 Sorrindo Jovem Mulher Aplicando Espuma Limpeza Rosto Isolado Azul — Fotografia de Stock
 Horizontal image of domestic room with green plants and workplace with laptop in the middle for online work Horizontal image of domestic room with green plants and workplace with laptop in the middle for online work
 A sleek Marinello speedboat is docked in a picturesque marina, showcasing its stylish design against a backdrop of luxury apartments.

--

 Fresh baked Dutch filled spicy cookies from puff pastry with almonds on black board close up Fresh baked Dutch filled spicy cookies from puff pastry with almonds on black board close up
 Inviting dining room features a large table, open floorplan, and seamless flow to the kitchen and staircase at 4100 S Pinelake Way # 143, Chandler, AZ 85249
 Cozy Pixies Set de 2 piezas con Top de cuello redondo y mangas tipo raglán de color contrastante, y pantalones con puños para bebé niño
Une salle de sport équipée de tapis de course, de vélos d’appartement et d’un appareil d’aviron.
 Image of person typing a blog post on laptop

## What is being asked
Only one stretch of the entries above is wanted: the lines from the one containing "close up Fresh" through the one containing "Image of person typing a blog post on laptop". Please reproduce it exactly.

## Output of the exercise
 Fresh baked Dutch filled spicy cookies from puff pastry with almonds on black board close up Fresh baked Dutch filled spicy cookies from puff pastry with almonds on black board close up
 Inviting dining room features a large table, open floorplan, and seamless flow to the kitchen and staircase at 4100 S Pinelake Way # 143, Chandler, AZ 85249
 Cozy Pixies Set de 2 piezas con Top de cuello redondo y mangas tipo raglán de color contrastante, y pantalones con puños para bebé niño
Une salle de sport équipée de tapis de course, de vélos d’appartement et d’un appareil d’aviron.
 Image of person typing a blog post on laptop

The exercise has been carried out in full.